Directions for the data below: repeat exactly the lines from the one with "LED dobíjacia stolná" through the one with "3 bedroom terraced house for sale", both included, and omit all pictures.

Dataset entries
──────────────────────────────

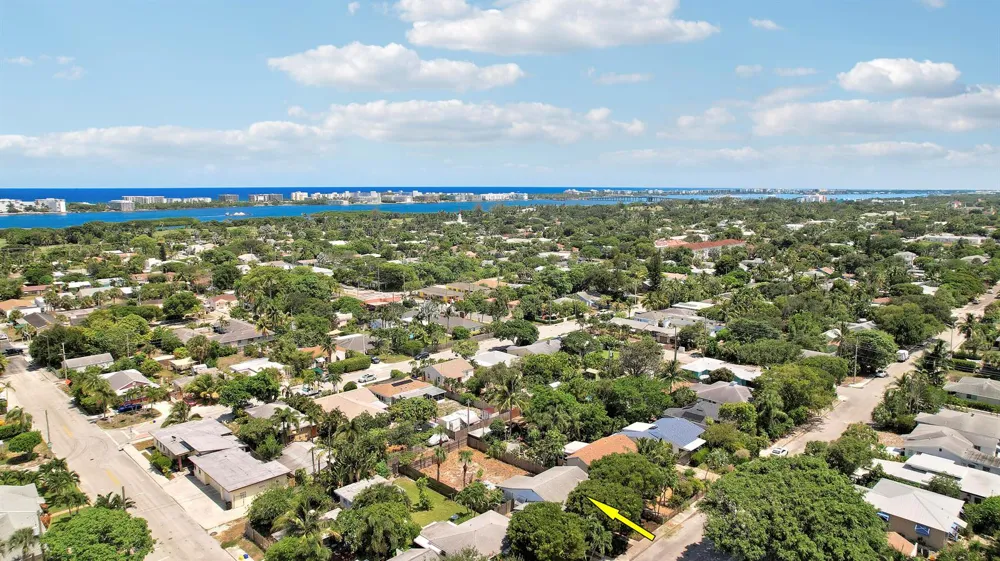 1222 L STREET Lake Worth, FL 33460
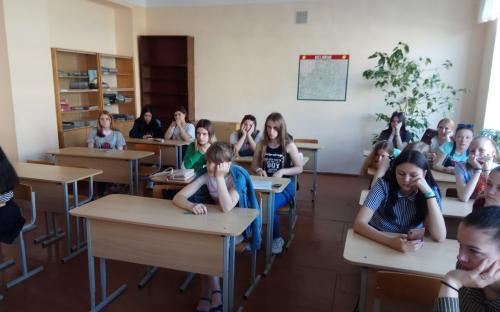 Иерей Сергий провел беседу с учащимися Слонимского колледжа фото 4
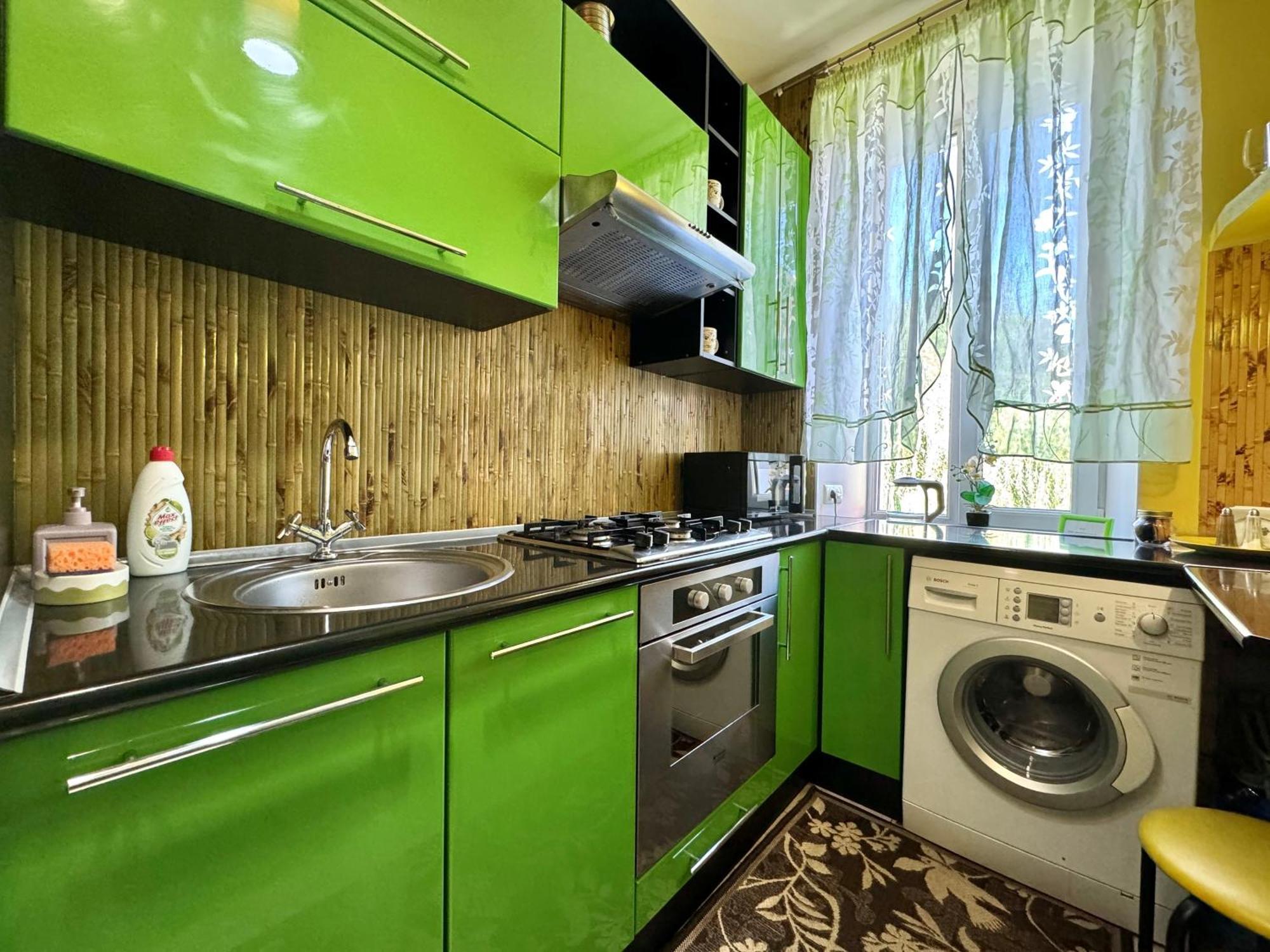 شقة Apartpoltava, однокімнатні з кутовою ванною, біля краєзнавчого музею, арт кафе кавун بولتافا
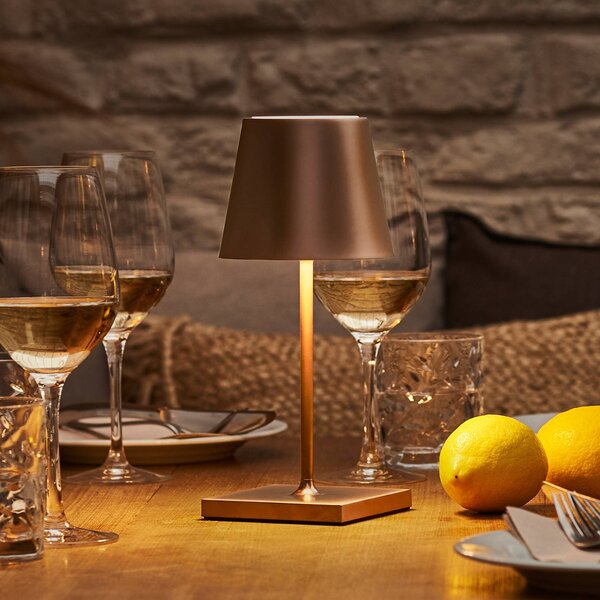 LED dobíjacia stolná lampa Nuindie mini, USB-C, bronzová, IP54, stmiev., Hnedá / staromosadz, Obývacia izba / jedáleň, Hliník, Moderný, Stojacie svietidlo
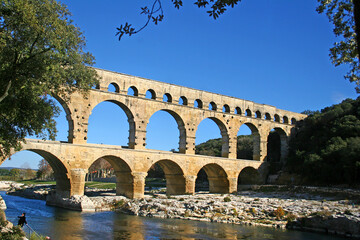 Pont du Gard sur le Gardon, aqueduc romain,  pont romain, arches,, collines, arbres architecture antique, Artenseo, pierre calcaire génie civil romain Occitanie Languedoc, Occitanie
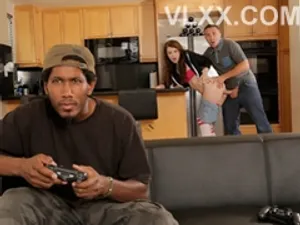 Con đĩ ngực to và vú to! Cái đầu to bằng ngực! Xoay eo và hông, lắc ngực, thủ dâm trên bồn cầu, âm hộ sạch sẽ và không có lông, cọ xát máy rung và rỉ ra chất lỏng màu trắng...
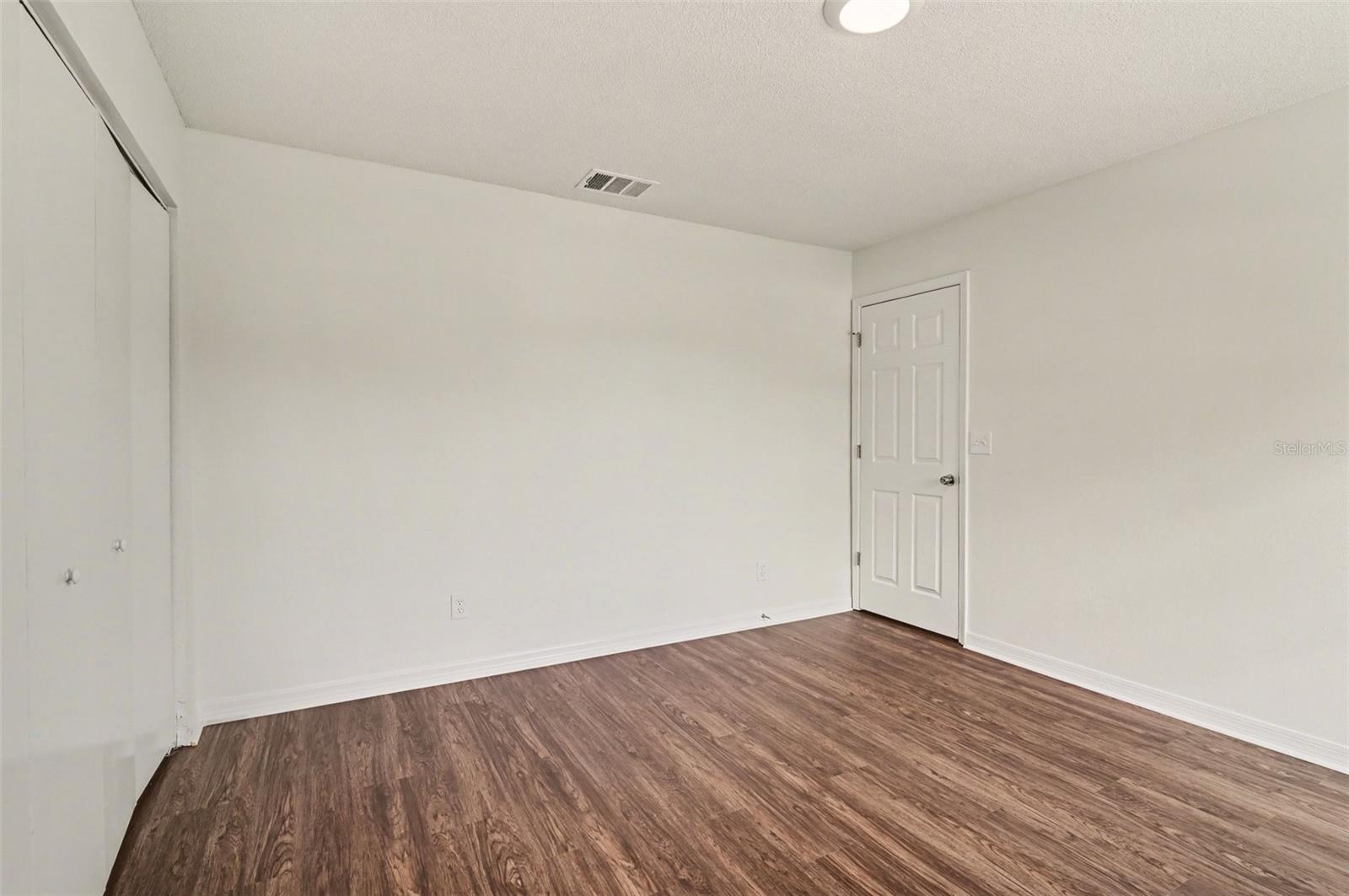 Image 23 of 30 For 314 Lancer Oak Drive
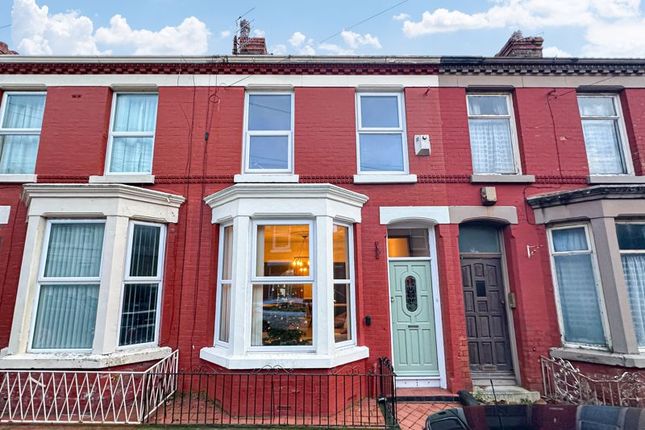 3 bedroom terraced house for sale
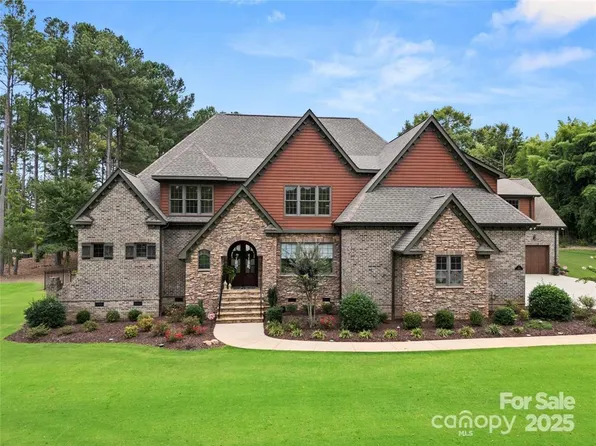 664 Bellegray Rd, Clover, SC 29710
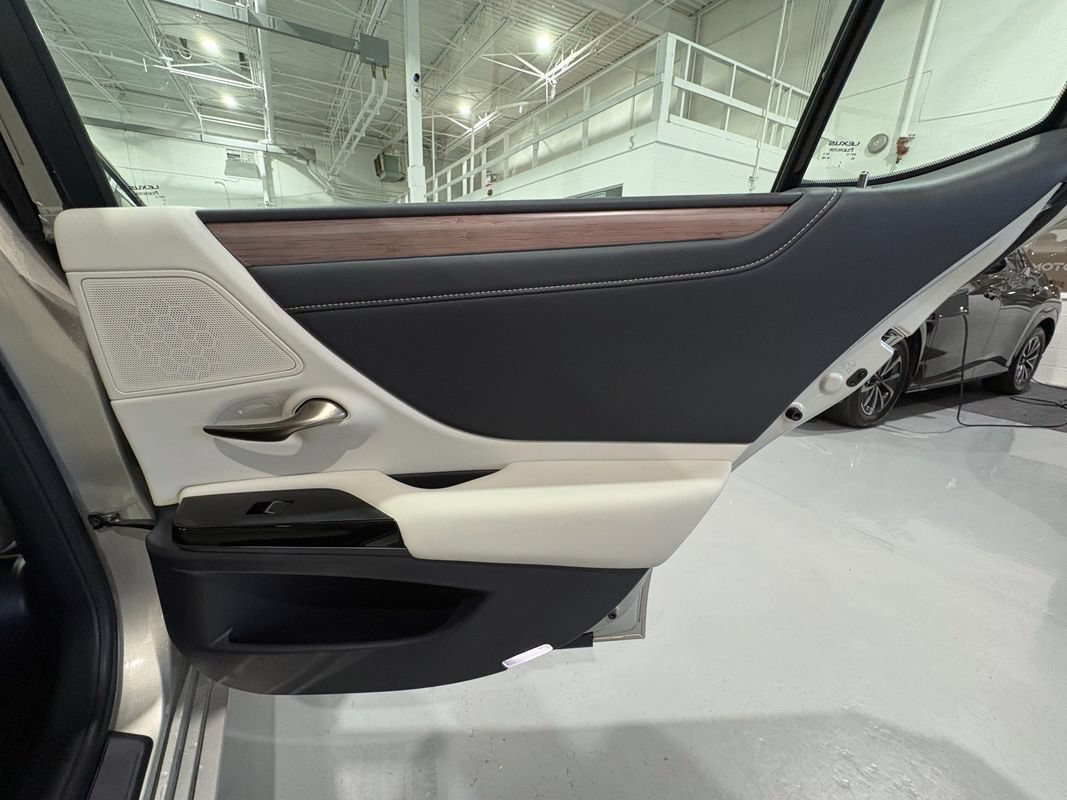 Used 2023 Lexus ES 350 w/ Premium Package FWD image 49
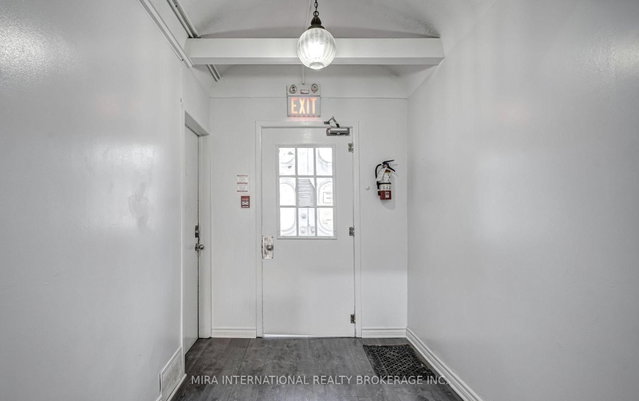 10 - 177 Carlton Street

──────────────────────────────

■ **EXERCISE RESULT**:
 LED dobíjacia stolná lampa Nuindie mini, USB-C, bronzová, IP54, stmiev., Hnedá / staromosadz, Obývacia izba / jedáleň, Hliník, Moderný, Stojacie svietidlo
 Pont du Gard sur le Gardon, aqueduc romain,  pont romain, arches,, collines, arbres architecture antique, Artenseo, pierre calcaire génie civil romain Occitanie Languedoc, Occitanie
 Con đĩ ngực to và vú to! Cái đầu to bằng ngực! Xoay eo và hông, lắc ngực, thủ dâm trên bồn cầu, âm hộ sạch sẽ và không có lông, cọ xát máy rung và rỉ ra chất lỏng màu trắng...
 Image 23 of 30 For 314 Lancer Oak Drive
 3 bedroom terraced house for sale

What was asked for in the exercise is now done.